**DIRECTIONS FOR THIS TASK**
Please copy out all the data. Every detail stays the same.

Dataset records
━━━━━━

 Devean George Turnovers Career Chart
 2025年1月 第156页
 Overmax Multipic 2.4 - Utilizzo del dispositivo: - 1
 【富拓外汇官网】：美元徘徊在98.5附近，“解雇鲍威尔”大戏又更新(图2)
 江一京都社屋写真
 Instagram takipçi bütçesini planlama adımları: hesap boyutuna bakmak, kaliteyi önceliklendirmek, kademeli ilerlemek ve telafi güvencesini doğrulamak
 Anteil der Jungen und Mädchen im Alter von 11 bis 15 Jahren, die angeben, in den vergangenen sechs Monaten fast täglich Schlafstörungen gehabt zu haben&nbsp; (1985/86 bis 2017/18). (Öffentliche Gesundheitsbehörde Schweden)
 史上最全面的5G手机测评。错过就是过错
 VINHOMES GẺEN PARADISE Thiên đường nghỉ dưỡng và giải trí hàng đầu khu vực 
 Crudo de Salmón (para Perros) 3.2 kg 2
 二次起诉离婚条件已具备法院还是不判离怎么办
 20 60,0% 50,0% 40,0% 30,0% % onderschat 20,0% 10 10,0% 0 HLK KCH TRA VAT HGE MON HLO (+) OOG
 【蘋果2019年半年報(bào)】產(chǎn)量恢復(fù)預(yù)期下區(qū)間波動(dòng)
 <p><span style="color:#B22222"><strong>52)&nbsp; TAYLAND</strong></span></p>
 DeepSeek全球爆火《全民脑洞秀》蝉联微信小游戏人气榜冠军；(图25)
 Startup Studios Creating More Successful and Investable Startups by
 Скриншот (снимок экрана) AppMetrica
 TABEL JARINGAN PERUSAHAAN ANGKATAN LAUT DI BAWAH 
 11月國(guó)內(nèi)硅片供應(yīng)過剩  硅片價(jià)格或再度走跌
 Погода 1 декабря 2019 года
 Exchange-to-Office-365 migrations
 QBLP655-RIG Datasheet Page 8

━━━━━━

**SOLUTION FOR THIS PROBLEM**
 Devean George Turnovers Career Chart
 2025年1月 第156页
 Overmax Multipic 2.4 - Utilizzo del dispositivo: - 1
 【富拓外汇官网】：美元徘徊在98.5附近，“解雇鲍威尔”大戏又更新(图2)
 江一京都社屋写真
 Instagram takipçi bütçesini planlama adımları: hesap boyutuna bakmak, kaliteyi önceliklendirmek, kademeli ilerlemek ve telafi güvencesini doğrulamak
 Anteil der Jungen und Mädchen im Alter von 11 bis 15 Jahren, die angeben, in den vergangenen sechs Monaten fast täglich Schlafstörungen gehabt zu haben&nbsp; (1985/86 bis 2017/18). (Öffentliche Gesundheitsbehörde Schweden)
 史上最全面的5G手机测评。错过就是过错
 VINHOMES GẺEN PARADISE Thiên đường nghỉ dưỡng và giải trí hàng đầu khu vực 
 Crudo de Salmón (para Perros) 3.2 kg 2
 二次起诉离婚条件已具备法院还是不判离怎么办
 20 60,0% 50,0% 40,0% 30,0% % onderschat 20,0% 10 10,0% 0 HLK KCH TRA VAT HGE MON HLO (+) OOG
 【蘋果2019年半年報(bào)】產(chǎn)量恢復(fù)預(yù)期下區(qū)間波動(dòng)
 <p><span style="color:#B22222"><strong>52)&nbsp; TAYLAND</strong></span></p>
 DeepSeek全球爆火《全民脑洞秀》蝉联微信小游戏人气榜冠军；(图25)
 Startup Studios Creating More Successful and Investable Startups by
 Скриншот (снимок экрана) AppMetrica
 TABEL JARINGAN PERUSAHAAN ANGKATAN LAUT DI BAWAH 
 11月國(guó)內(nèi)硅片供應(yīng)過剩  硅片價(jià)格或再度走跌
 Погода 1 декабря 2019 года
 Exchange-to-Office-365 migrations
 QBLP655-RIG Datasheet Page 8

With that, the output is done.